Caro Giuliano: nemmeno "ragionevolmente".



Prevedendo l'inizio delle grandi manovre del governo berlusconiano sul fronte del sacrificio economico, due giorni fa il pachiderma del giornalismo italiano, Giuliano Ferraraspiegava dalle colonne del suo quotidiano che mentre le tasse sono impopolari, i tagli sono bellissimi (qui la tagliente risposta di Malvino al Direttore del Foglio).

Lo spunto era tratto da uno studio di un anno fa a cura degli economisti Alesina-Carloni-Lecce, la cui tesi principale veniva ripresa così dallo stesso Ferrara:
"non c'è evidenza che il rigore fiscale danneggi i governi uscenti riducendone la probabilità di rielezione".
Il messaggio dell'elefantino era chiaro: "Silvio, non temere di perdere le elezioni se fai tagli ingenti, perché gli studi dimostrano che si vince le elezioni anche con politiche rigorose".

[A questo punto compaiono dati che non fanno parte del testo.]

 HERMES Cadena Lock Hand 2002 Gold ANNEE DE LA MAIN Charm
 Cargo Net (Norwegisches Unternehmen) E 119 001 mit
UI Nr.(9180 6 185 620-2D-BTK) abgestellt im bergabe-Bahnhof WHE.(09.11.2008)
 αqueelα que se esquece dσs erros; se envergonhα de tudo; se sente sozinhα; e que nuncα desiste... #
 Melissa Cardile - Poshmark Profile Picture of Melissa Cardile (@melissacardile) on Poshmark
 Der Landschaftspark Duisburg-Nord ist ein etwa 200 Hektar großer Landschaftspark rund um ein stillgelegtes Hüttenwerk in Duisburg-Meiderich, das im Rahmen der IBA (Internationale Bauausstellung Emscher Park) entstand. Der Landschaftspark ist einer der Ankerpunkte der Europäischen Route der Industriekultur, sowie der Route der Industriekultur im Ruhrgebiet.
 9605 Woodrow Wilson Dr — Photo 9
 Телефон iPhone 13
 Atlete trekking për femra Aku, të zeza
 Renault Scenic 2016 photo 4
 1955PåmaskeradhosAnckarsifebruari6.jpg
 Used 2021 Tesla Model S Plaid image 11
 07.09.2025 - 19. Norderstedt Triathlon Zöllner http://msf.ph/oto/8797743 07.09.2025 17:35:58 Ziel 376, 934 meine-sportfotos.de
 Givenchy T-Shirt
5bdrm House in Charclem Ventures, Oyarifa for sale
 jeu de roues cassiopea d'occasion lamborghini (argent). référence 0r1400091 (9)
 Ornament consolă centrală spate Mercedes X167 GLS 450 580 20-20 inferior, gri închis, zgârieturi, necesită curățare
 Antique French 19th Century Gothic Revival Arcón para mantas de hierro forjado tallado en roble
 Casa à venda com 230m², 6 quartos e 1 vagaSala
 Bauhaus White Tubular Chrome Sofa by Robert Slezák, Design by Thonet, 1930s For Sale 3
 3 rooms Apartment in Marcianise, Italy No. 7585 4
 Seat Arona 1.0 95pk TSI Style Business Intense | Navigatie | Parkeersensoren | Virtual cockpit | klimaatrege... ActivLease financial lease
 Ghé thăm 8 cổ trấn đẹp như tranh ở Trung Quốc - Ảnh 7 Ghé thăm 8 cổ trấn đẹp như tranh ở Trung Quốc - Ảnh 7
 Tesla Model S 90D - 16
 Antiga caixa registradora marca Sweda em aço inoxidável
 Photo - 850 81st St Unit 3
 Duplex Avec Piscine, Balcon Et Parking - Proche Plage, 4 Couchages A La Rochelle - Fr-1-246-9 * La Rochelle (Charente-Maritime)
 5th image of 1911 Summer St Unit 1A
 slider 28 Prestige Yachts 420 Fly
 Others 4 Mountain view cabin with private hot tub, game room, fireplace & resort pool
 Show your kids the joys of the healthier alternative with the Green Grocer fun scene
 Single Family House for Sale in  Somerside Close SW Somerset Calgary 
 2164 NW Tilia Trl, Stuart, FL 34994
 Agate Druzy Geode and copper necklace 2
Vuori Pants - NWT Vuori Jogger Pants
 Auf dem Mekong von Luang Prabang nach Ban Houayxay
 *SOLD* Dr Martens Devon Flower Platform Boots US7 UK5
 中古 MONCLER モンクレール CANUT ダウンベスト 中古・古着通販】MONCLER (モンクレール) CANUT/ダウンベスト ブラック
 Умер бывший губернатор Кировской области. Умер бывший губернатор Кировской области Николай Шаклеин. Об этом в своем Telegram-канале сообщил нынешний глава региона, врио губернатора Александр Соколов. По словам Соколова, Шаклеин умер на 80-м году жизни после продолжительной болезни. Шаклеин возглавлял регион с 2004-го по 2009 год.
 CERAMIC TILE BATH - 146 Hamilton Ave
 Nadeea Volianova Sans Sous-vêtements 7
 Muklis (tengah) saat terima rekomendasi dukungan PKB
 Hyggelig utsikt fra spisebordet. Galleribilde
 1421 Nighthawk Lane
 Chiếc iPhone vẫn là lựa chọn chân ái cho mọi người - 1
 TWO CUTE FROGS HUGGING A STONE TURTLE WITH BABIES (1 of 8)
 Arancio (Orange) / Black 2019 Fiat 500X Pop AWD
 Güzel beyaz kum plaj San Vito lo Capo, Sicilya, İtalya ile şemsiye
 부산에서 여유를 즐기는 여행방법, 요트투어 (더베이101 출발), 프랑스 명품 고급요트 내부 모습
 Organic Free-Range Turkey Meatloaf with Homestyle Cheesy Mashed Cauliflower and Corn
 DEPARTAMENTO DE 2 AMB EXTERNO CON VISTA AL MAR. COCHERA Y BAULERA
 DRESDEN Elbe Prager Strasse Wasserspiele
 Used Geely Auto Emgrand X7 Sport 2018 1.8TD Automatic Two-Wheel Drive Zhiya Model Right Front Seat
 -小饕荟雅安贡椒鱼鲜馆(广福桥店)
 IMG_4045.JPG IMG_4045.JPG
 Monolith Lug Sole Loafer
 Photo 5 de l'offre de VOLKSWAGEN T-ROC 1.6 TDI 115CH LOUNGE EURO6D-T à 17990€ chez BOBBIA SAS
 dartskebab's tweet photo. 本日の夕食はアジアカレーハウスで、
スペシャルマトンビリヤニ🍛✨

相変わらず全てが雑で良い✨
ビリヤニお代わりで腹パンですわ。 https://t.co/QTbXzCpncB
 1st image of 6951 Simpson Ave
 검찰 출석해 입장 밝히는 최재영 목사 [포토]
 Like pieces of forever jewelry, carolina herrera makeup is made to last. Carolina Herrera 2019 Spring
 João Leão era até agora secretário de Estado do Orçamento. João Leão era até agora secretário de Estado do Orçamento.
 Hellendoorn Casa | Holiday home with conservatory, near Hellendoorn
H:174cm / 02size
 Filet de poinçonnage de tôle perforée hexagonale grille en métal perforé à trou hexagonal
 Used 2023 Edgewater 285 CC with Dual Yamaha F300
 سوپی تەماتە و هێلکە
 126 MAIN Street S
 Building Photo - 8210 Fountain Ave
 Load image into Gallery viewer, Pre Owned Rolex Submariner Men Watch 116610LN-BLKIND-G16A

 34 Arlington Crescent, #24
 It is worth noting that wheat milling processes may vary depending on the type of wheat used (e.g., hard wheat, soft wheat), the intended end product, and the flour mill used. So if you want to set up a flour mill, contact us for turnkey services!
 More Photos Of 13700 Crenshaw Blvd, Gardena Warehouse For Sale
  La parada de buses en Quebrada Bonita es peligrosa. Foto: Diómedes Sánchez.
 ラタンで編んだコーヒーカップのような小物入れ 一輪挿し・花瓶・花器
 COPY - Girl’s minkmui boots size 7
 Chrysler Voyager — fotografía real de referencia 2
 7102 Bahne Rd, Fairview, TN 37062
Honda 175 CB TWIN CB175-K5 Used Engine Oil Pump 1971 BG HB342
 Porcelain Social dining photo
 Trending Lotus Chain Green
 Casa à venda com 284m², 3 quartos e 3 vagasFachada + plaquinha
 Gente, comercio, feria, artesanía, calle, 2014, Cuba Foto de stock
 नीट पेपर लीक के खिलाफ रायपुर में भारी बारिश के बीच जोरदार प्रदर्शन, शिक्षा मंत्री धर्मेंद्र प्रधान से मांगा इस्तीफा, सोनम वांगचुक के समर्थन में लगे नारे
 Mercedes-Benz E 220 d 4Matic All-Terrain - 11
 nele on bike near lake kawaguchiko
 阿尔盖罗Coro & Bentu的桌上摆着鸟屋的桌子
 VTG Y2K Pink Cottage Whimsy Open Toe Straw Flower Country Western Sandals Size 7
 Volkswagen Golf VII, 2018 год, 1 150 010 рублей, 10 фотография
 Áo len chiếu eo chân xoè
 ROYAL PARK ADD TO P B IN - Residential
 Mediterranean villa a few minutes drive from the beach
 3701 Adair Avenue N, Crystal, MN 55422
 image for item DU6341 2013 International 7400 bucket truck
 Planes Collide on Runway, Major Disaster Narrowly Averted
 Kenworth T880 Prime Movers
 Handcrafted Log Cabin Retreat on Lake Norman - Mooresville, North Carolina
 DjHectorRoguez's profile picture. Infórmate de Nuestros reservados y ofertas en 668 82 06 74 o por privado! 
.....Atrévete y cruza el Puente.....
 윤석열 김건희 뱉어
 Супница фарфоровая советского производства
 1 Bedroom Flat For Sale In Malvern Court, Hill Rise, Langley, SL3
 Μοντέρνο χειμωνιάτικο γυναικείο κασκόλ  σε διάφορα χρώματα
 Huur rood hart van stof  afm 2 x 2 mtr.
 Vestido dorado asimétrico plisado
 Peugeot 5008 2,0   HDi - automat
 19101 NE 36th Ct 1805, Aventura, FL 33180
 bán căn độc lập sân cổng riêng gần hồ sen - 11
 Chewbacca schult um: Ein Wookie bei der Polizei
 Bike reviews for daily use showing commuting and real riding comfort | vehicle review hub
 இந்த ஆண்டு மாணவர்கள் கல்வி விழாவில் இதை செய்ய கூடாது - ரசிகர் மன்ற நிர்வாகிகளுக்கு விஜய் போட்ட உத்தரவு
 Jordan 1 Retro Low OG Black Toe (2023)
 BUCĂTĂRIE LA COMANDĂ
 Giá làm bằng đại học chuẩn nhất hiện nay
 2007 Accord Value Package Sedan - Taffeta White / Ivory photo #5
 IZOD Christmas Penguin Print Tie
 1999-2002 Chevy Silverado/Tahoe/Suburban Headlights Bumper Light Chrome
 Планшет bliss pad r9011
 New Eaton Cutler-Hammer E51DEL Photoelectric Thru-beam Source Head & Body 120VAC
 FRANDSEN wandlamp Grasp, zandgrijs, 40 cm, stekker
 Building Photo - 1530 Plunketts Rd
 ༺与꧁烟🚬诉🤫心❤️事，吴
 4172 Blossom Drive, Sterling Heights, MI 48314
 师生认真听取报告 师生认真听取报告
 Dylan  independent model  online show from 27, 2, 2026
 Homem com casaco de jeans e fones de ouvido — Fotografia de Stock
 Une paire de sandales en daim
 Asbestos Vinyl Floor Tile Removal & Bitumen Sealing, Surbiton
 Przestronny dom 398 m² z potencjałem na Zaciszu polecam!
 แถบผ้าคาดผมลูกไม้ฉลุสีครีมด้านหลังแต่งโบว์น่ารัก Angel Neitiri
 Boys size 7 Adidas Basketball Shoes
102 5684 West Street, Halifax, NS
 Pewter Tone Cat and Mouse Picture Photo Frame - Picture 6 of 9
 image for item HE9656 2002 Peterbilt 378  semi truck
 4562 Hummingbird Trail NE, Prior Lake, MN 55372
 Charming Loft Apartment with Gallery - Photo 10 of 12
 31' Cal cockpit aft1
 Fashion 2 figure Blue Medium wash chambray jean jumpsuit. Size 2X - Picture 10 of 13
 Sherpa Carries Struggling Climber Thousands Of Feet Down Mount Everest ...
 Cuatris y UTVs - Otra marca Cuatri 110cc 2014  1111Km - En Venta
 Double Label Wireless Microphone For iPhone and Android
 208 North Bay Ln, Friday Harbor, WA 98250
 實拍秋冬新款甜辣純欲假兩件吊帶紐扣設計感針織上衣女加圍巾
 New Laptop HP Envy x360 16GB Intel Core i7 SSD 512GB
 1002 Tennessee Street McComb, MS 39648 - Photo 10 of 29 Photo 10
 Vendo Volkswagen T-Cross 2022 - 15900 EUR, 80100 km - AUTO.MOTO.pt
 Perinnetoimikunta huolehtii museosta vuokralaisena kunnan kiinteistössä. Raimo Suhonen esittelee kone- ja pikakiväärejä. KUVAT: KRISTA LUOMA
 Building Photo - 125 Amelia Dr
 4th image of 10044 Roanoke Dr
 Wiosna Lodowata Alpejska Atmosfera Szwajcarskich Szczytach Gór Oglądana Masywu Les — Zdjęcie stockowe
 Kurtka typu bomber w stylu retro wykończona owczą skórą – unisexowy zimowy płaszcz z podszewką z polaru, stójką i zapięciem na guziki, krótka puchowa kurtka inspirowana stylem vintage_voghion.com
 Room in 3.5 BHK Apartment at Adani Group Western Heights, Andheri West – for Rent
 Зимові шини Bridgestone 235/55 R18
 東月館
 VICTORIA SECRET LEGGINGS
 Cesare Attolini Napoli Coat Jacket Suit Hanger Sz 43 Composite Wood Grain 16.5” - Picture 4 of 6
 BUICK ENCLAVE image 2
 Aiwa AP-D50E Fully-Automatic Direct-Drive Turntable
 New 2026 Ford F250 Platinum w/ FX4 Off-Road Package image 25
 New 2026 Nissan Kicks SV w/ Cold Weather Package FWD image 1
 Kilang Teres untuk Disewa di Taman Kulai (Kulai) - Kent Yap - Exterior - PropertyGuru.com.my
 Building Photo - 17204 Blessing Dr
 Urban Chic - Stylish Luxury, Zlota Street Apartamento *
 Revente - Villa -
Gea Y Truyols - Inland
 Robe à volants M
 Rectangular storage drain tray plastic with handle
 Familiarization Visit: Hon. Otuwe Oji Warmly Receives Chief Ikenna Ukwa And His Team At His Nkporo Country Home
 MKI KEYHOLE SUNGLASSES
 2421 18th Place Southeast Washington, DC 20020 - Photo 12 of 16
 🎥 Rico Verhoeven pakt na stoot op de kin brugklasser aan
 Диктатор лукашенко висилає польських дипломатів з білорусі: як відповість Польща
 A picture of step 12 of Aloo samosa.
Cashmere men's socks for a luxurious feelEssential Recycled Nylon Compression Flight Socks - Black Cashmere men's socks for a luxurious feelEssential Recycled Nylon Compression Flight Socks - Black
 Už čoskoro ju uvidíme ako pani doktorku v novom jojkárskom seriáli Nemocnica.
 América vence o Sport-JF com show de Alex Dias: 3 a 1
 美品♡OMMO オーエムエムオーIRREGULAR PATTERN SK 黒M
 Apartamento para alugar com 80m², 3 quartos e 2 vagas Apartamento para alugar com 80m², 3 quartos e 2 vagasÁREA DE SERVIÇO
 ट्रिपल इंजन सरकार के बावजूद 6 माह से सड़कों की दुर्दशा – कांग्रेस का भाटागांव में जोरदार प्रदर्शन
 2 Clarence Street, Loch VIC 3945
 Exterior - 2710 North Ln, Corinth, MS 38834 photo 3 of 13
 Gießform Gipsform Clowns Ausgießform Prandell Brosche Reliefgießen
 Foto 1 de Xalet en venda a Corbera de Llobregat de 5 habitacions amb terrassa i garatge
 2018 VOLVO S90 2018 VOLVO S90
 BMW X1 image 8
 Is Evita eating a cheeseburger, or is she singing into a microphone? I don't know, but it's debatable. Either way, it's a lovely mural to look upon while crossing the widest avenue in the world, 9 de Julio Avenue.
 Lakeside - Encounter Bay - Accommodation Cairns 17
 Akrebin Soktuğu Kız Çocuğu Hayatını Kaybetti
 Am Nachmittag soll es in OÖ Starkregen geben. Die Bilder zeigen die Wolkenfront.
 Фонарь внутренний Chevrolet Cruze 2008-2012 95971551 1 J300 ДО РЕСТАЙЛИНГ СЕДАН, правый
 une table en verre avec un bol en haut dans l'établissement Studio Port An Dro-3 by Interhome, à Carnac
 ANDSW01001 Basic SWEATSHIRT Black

Tralasciando la totale assenza di una sana etica politica dietro un simile ragionamento - che ancora una volta la dice lunga sul Premier, in dubbio se salvare il Paese rischiando di perdere le elezioni o farlo inabissare nel baratro lasciandosi una flebile speranza di essere rieletto - un lapsus calami deve aver impedito a Giulianone di aggiungere un concetto fondamentale, già presente peraltro nell'abstract dello studio in questione:


I governi che possono permettersi una rigorosa politica di tagli senza necessariamente perdere per questo le elezioni rischiano di essere "solo quelli forti e popolari".
Nelle conclusioni dello studio, si parla in definitiva di governi "reasonably solid", "ragionevolmente solidi".

E mentre la fiducia nei confronti di Silvio Berlusconi è oggi ai minimi storici (23%: il dimissionario Zapatero è al 21) vediamo allora una foto dell'andamento del governo in carica:

Popolarità del Governo Berlusconi in percentuale (Fonte sondaggio).
Ora non so: così, su due piedi, potrei anche sbagliare...

Ma a me questi non sembrano dati di un governo molto "solido e popolare".
Nemmeno "ragionevolmente".

A voi sì?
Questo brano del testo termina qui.